10. How Regularization Improves XGBoost
✔ Reduces Overfitting – Controls complexity, ensuring robust predictions. ✔ Improves Generalization – Helps models perform well on unseen data. ✔ Enhances Feature Selection – L1 regularization selects only the most relevant features. ✔ Smooths Decision Boundaries – L2 regularization prevents erratic predictions.

11. Tuning hyperparameters is essential for optimizing Gradient Boosting models. Here are some key hyperparameters to adjust for better performance:

  1. Learning Rate (eta)
✔ Controls the step size in updating predictions. ✔ Lower values (e.g., 0.01–0.1) improve generalization but require more trees. ✔ Higher values can lead to overfitting if not carefully tuned.

  2. Number of Trees (n_estimators)
✔ Determines how many boosting rounds occur. ✔ More trees improve accuracy but increase computation time. ✔ Optimal balance needed to prevent overfitting.

  3. Maximum Depth (max_depth)
✔ Controls tree complexity. ✔ Shallower trees (3–6 depth) prevent overfitting. ✔ Deeper trees capture more patterns but risk overfitting.

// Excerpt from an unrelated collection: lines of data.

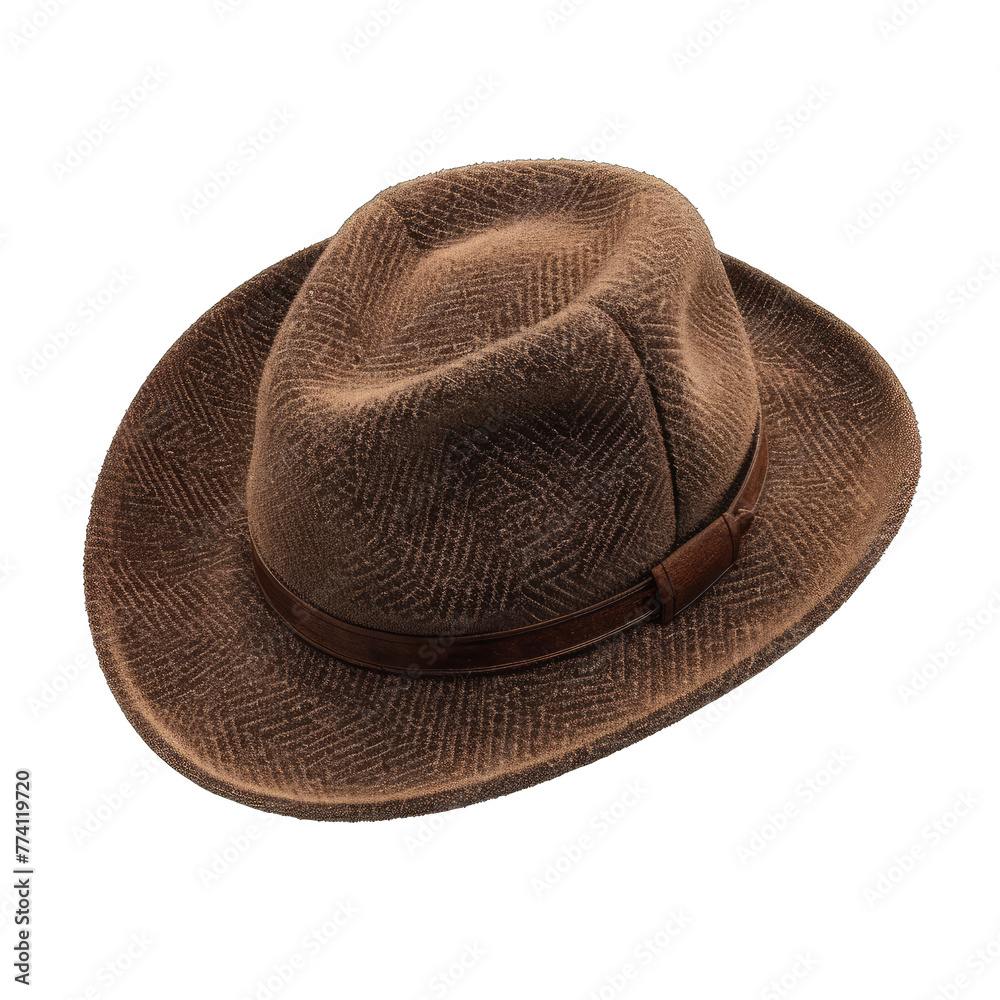 wool hat isolated on white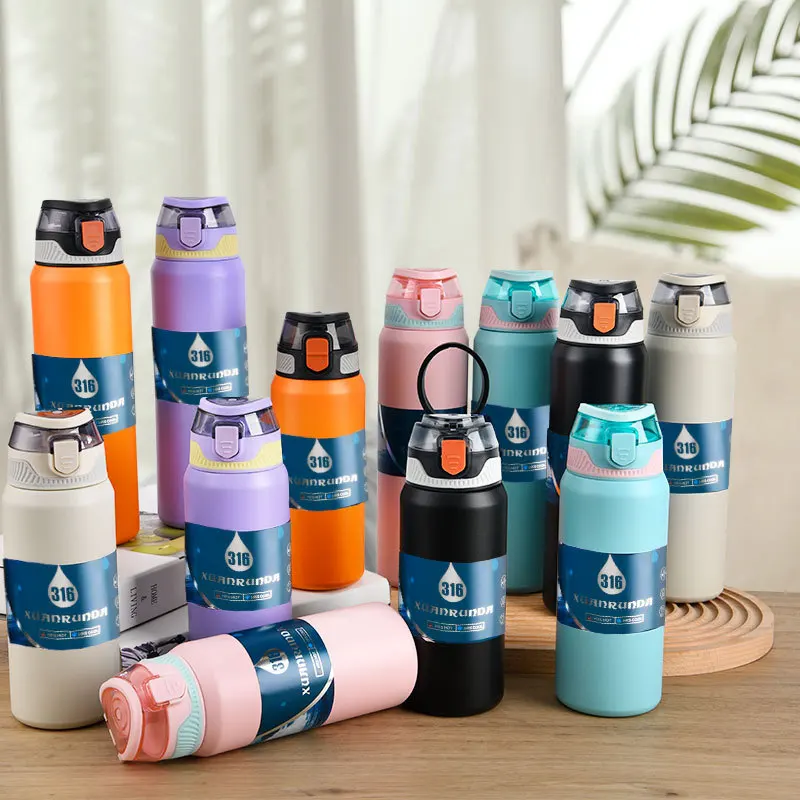 20oz 24oz 32oz 40oz New design 304 stainless Steel Insulated Water Bottle suitable for sports and travel cycling water bottle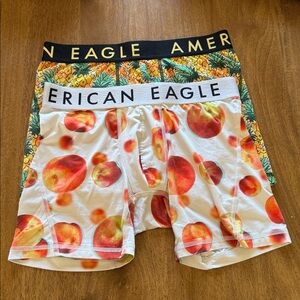 American Eagle Outfitters Pineapple-Print Boxer Briefs - Yellow, Green & Black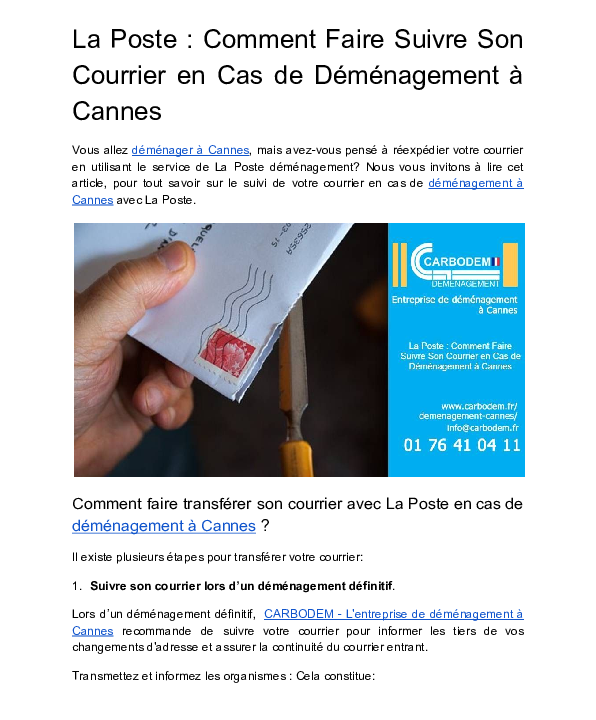 découvrez comment envoyer vos colis facilement lors de votre déménagement. nos astuces et conseils pratiques vous aident à choisir le meilleur service postal pour expédier vos affaires en toute sécurité et dans les délais.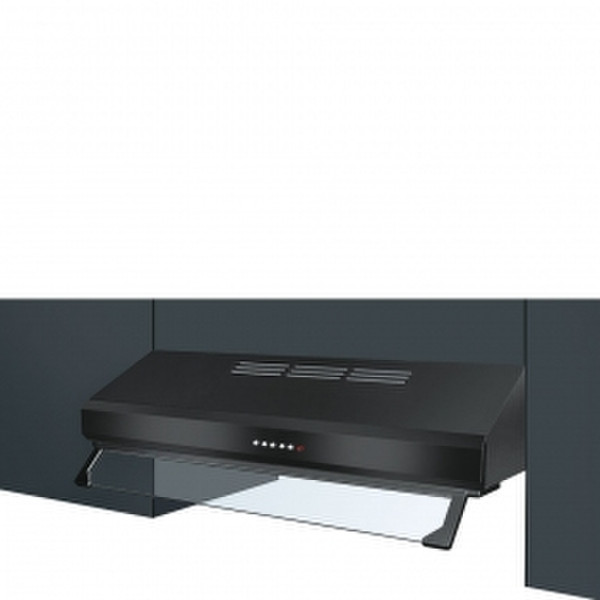 Smeg KSEC61NEE Built-under 200m³/h E Black cooker hood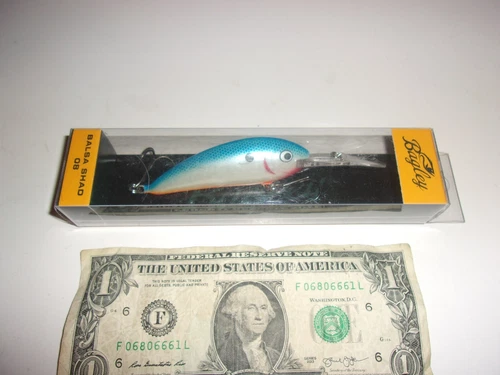 Bagley Bagleys 3-1/4" Body Balsa Shad 08 Crankbait Lure Fishing - NIB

  4. Minimum Child Weight (min_child_weight)
✔ Defines the minimum sum of weights required for a node split. ✔ Higher values lead to more conservative models, preventing overfitting. ✔ Lower values allow trees to grow deeper.

  5. Subsampling (subsample)
✔ Controls the percentage of training samples used per tree. ✔ Reduces variance by adding randomness. ✔ Typical range: 0.5–1.0.

  6. Column Sampling (colsample_bytree, colsample_bylevel)
✔ Selects a fraction of features at each level/tree. ✔ Helps improve generalization, especially in high-dimensional datasets.

  7. Regularization (L1 & L2)
✔ Prevents overfitting by penalizing large weights. ✔ L1 (Lasso) helps feature selection, while L2 (Ridge) smooths predictions.

  8. Loss Function Selection
✔ Different tasks require different loss functions:

Regression → MSE, MAE

Classification → Log Loss, Cross-Entropy

  9. Gamma (min_split_loss)

12. Feature Importance in Boosting refers to the relative contribution of each input feature in making predictions. It helps identify which features significantly impact the model's decision and which ones can be ignored or removed.

How Feature Importance Works in Boosting
Boosting algorithms like XGBoost, LightGBM, and CatBoost calculate feature importance using different methods:

Split-Based Importance (Gain)

Measures how much a feature improves the purity of splits in a tree.

The higher the gain, the more impactful the feature.

Used in XGBoost & LightGBM.

Frequency-Based Importance

Counts how often a feature is used for splitting across all trees.

Features used more frequently are considered more important.

Permutation Importance

Randomly shuffles feature values and observes the drop in model performance.

A large drop indicates high importance.

SHAP Values (Shapley Additive Explanations)

Provides an advanced method to measure a feature’s contribution for individual predictions.

Used in explainable AI applications.

13. Key Reasons Why CatBoost Excels with Categorical Data
Automatic Encoding of Categorical Features

Traditional models require manual encoding (one-hot, label encoding), which can be inefficient.

CatBoost natively transforms categorical variables, improving speed and accuracy.

Ordered Boosting to Prevent Target Leakage

Ensures that when learning patterns, it doesn’t use future data to predict past values.

Helps avoid overfitting in datasets with many categorical features.

Efficient GPU and CPU Implementation

Optimized for both single-node and distributed environments.

Works faster than XGBoost in many cases, especially with large categorical datasets.

Handles Missing Values Automatically

CatBoost doesn’t require manual imputation of missing values.

Learns patterns even when some categorical fields have missing data.

High Performance with Less Hyperparameter Tuning

Compared to XGBoost and LightGBM, CatBoost requires less fine-tuning to achieve optimal results.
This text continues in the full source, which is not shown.